● **Your instructions**
Extract the text of each entry below exactly, leaving every image behind.

Short descriptive text snippets:
<<<<

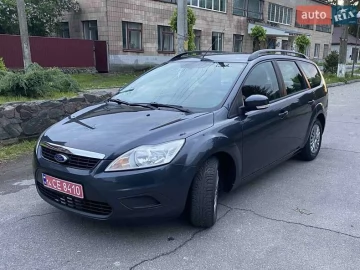 Авто Ford Focus 2009 № 7672150
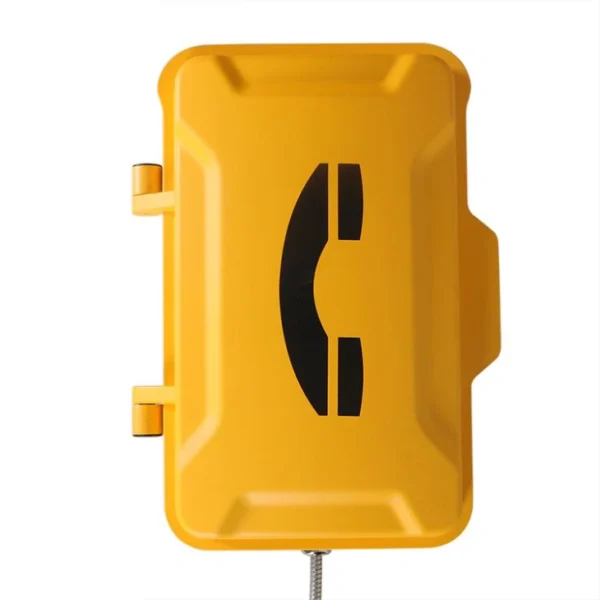 Teléfono Público Analógico Exterior IP66 Vozell® JR101-3B-Analogue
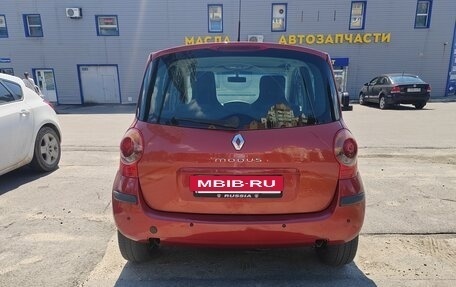 Renault Modus I, 2005 год, 350 000 рублей, 5 фотография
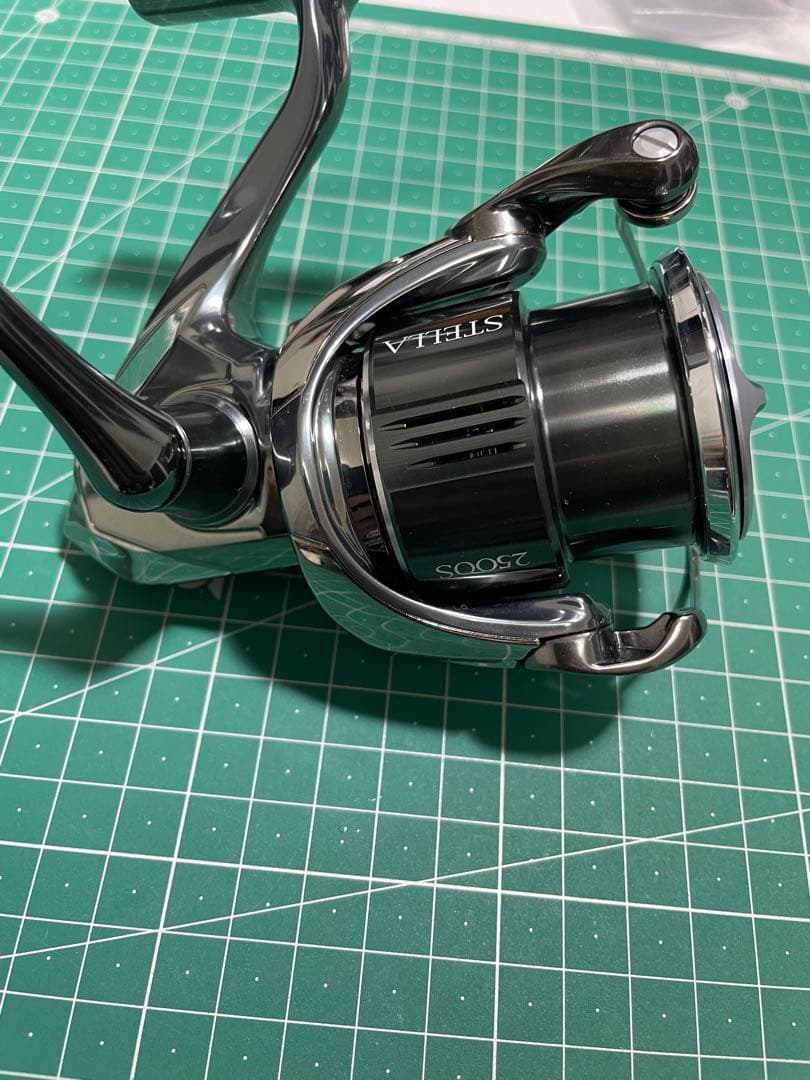 シマノ　22STELLA 22ステラ　2500S
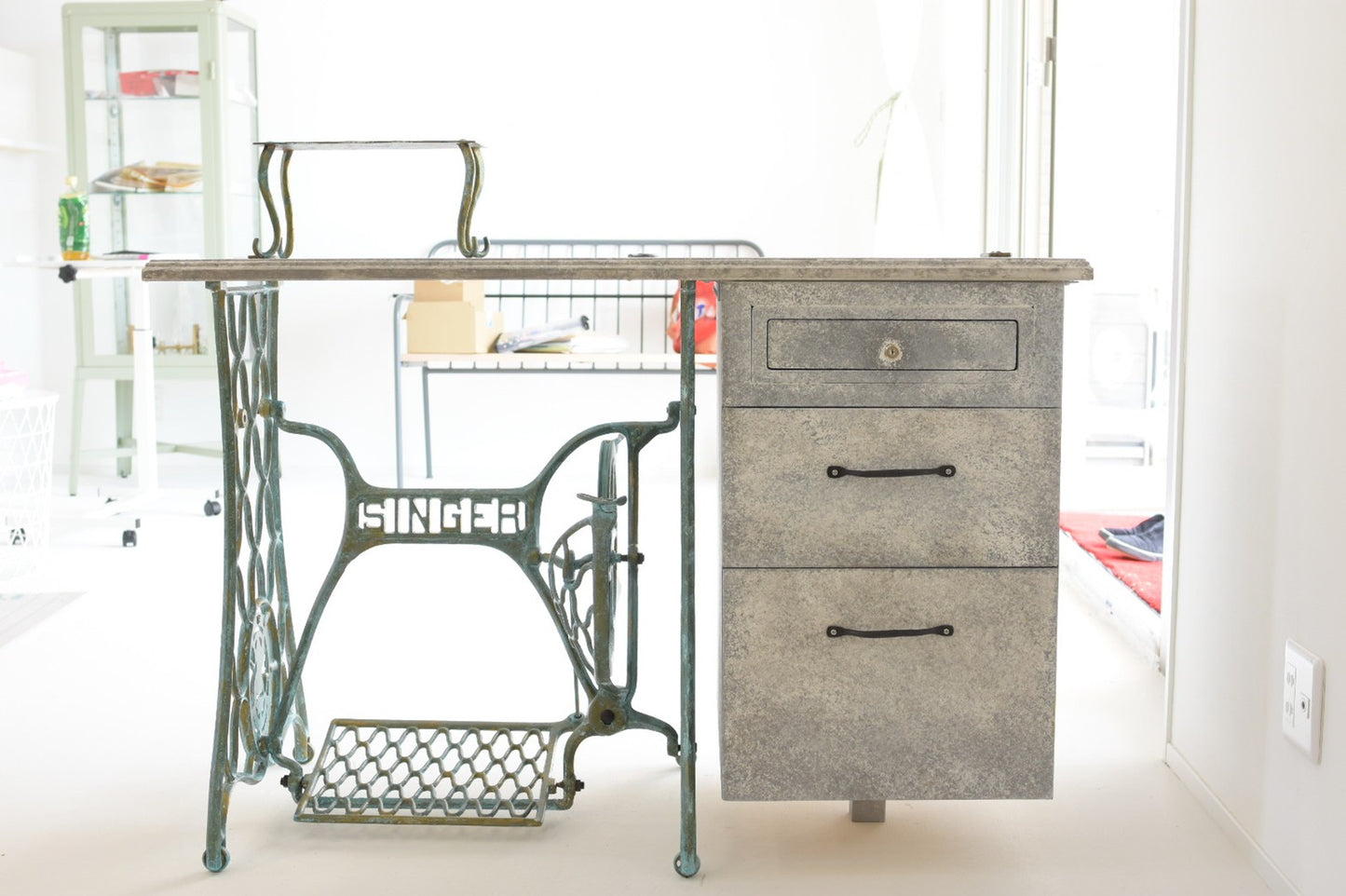 オーダー家具一例/レジカウンター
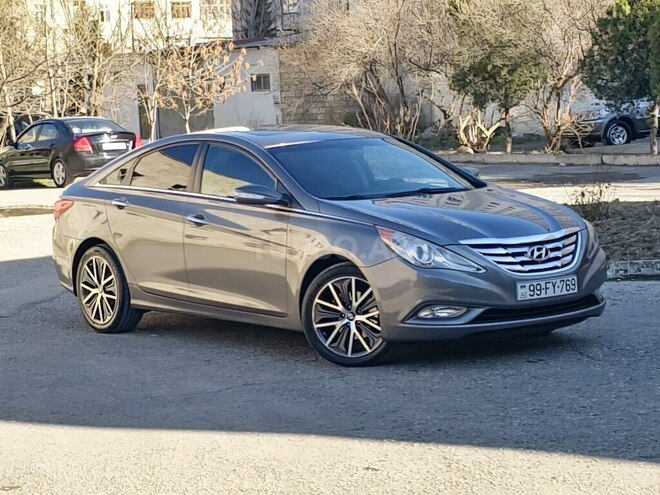 Hyundai Sonata 2011, 202,000 km - 2.0 l - Sumqayıt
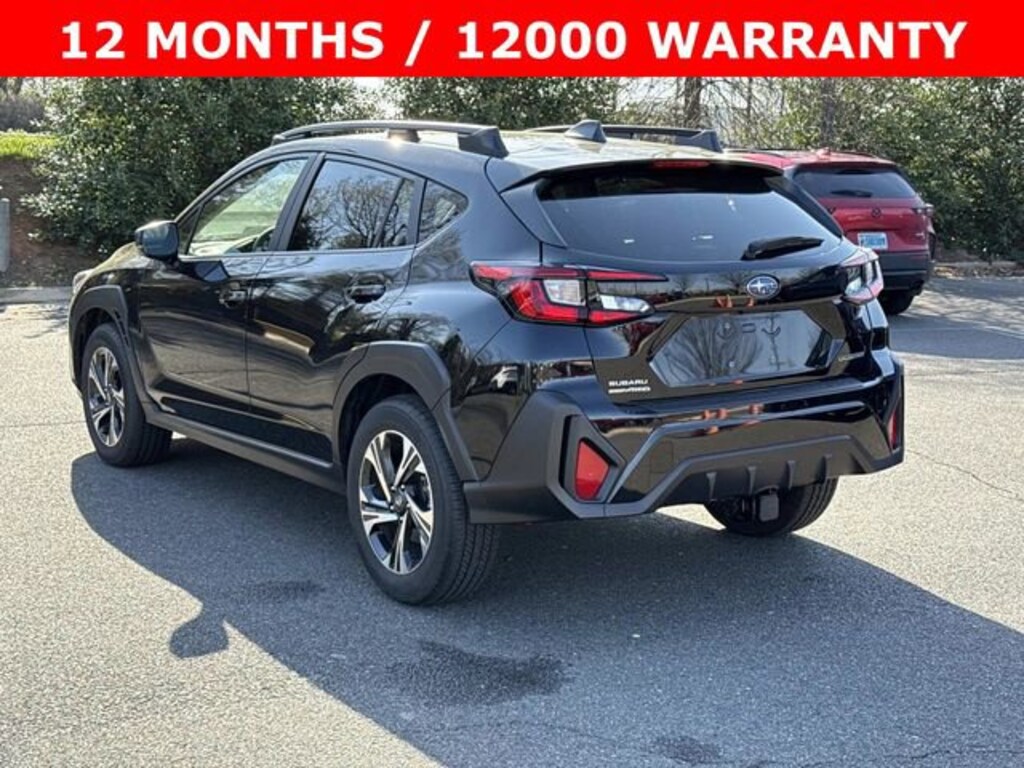Used 2024 Subaru Crosstrek Premium SUV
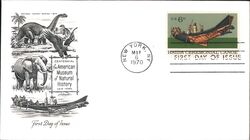 1970 6c Haida Ceremonial Canoe First Day Cover First Day Cover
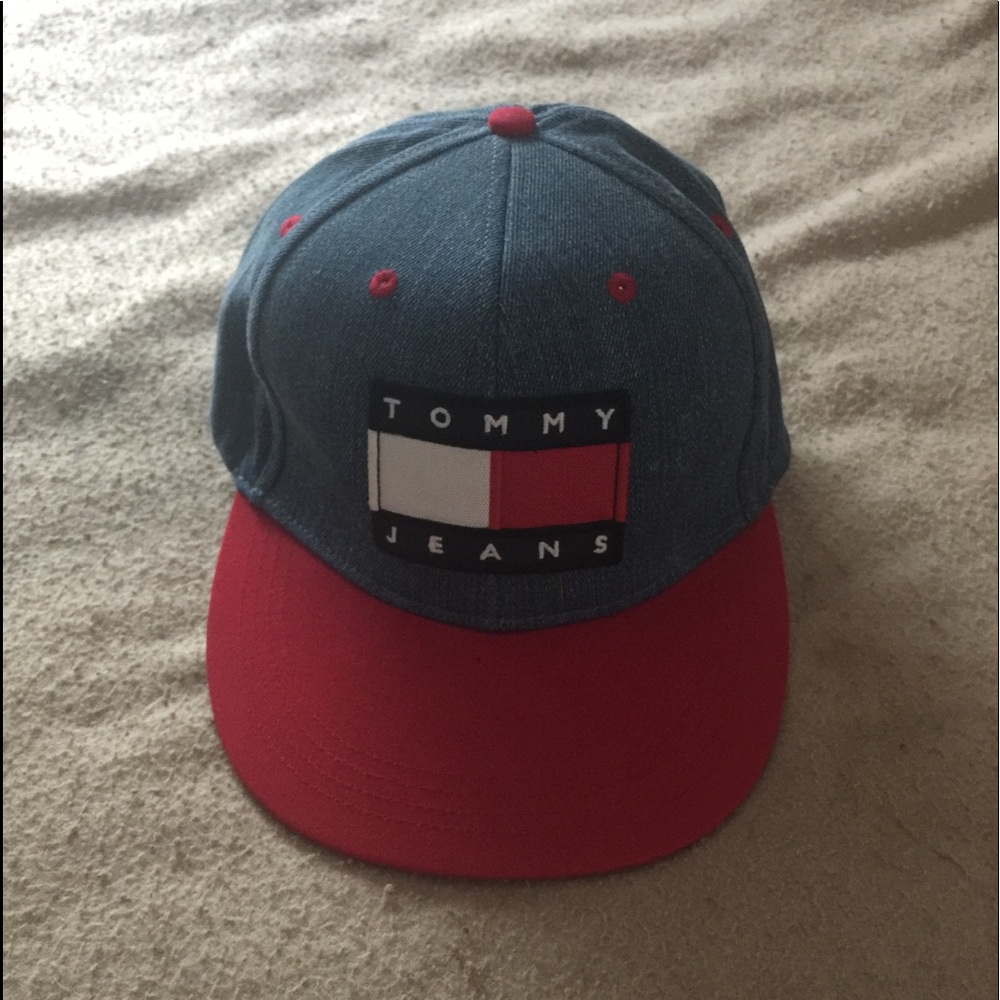 Tommy Jeans snapback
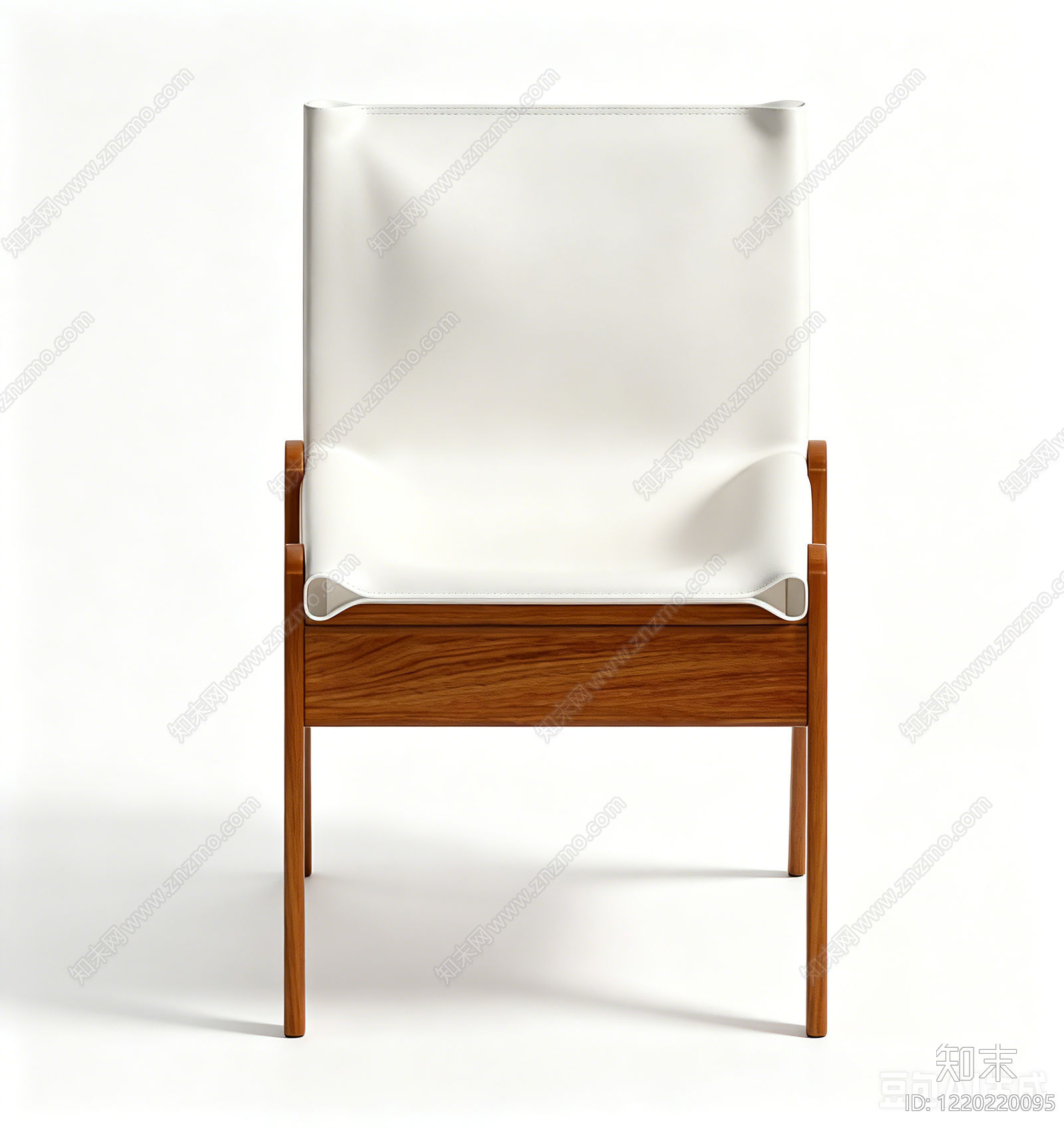 极简主义餐椅3D模型下载【ID:1220220095】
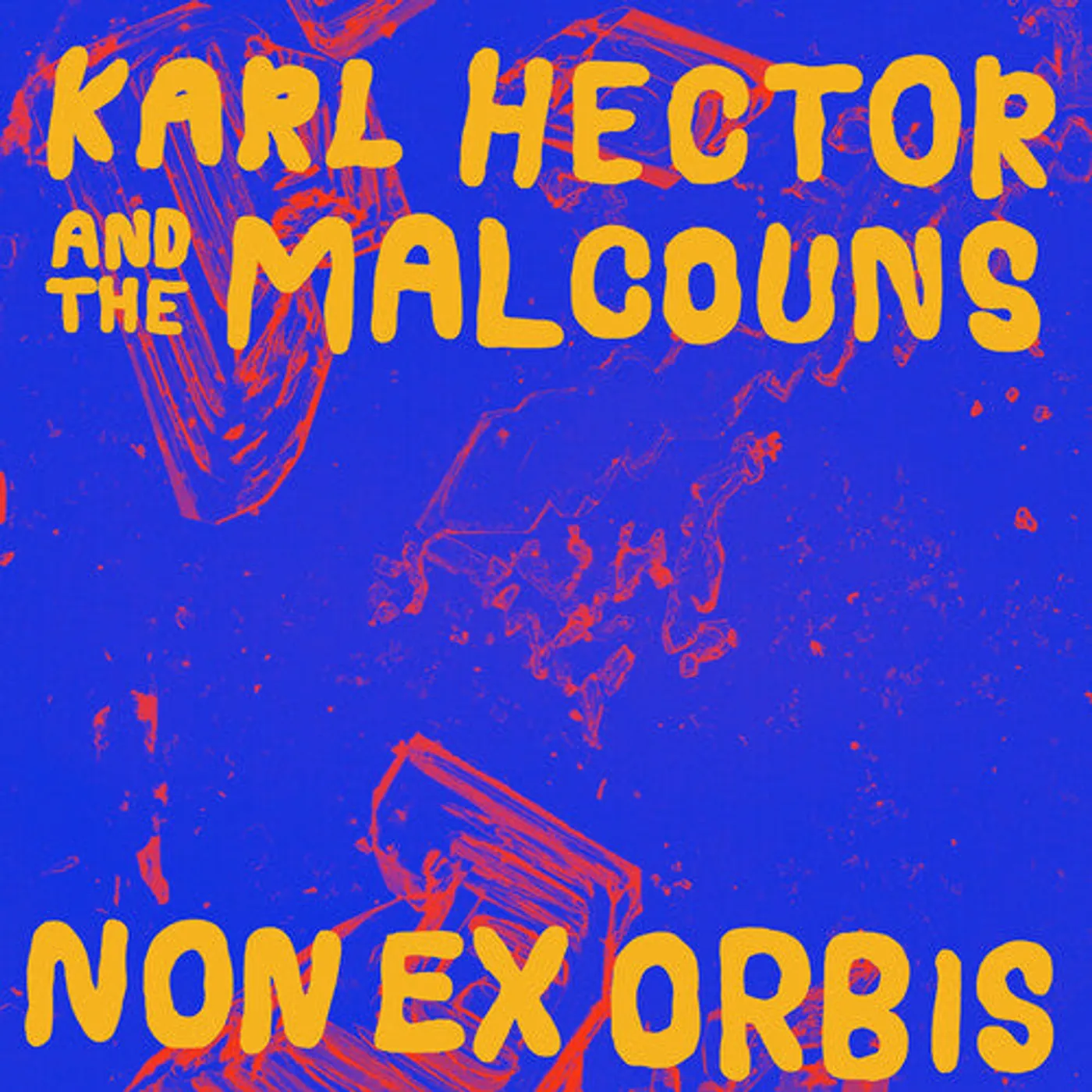 Karl Hector LP Vinyl - Non Ex Orbis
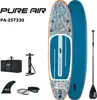 AQUA MARINA PURE AIR Tropic 10'10" plava PA-25T330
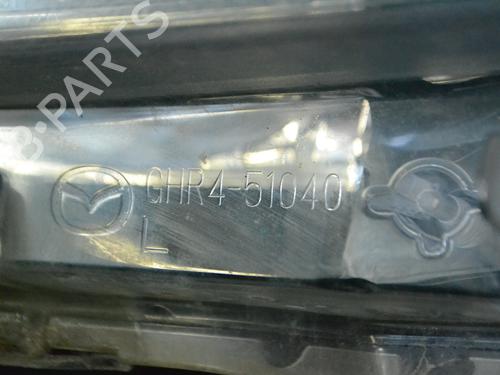 Left headlight MAZDA 6 Saloon (GJ, GL) 2.2 D (GJ2FP, GJ1021, GJ1022, GL1021) | BP33362362C28 - Image 6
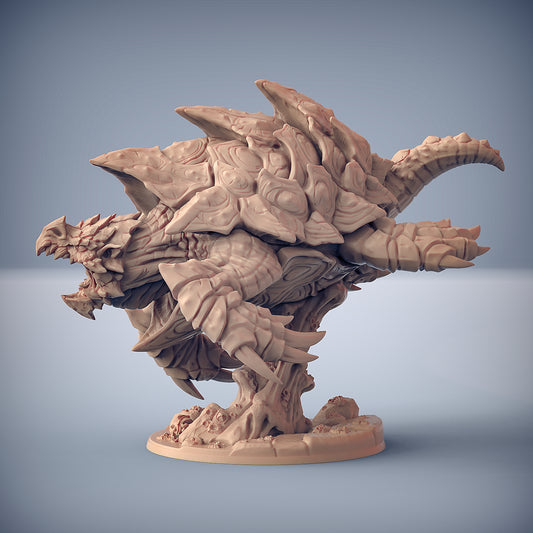 Dragonturtle Leviathan from Artisan Guild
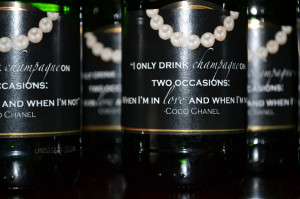 Workout Quotes For Men Drink champagne on two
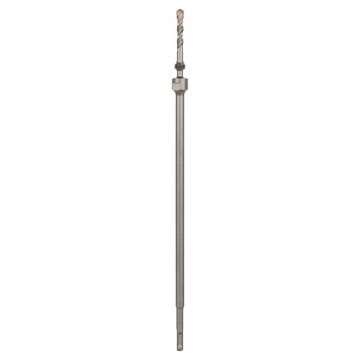 Bosch  2608598046 - Adaptor carota beton cu coroana vidia - mm tija SDS-Plus burghiu centrare inclus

>>>>

● **Your solution**
 Авто Ford Focus 2009 № 7672150
 Teléfono Público Analógico Exterior IP66 Vozell® JR101-3B-Analogue
 Renault Modus I, 2005 год, 350 000 рублей, 5 фотография
 シマノ　22STELLA 22ステラ　2500S
 オーダー家具一例/レジカウンター
 Hyundai Sonata 2011, 202,000 km - 2.0 l - Sumqayıt
Used 2024 Subaru Crosstrek Premium SUV
 1970 6c Haida Ceremonial Canoe First Day Cover First Day Cover
 Tommy Jeans snapback
 极简主义餐椅3D模型下载【ID:1220220095】
 Karl Hector LP Vinyl - Non Ex Orbis
 AQUA MARINA PURE AIR Tropic 10'10" plava PA-25T330
 Left headlight MAZDA 6 Saloon (GJ, GL) 2.2 D (GJ2FP, GJ1021, GJ1022, GL1021) | BP33362362C28 - Image 6
 Dragonturtle Leviathan from Artisan Guild
 Workout Quotes For Men Drink champagne on two
 Bosch  2608598046 - Adaptor carota beton cu coroana vidia - mm tija SDS-Plus burghiu centrare inclus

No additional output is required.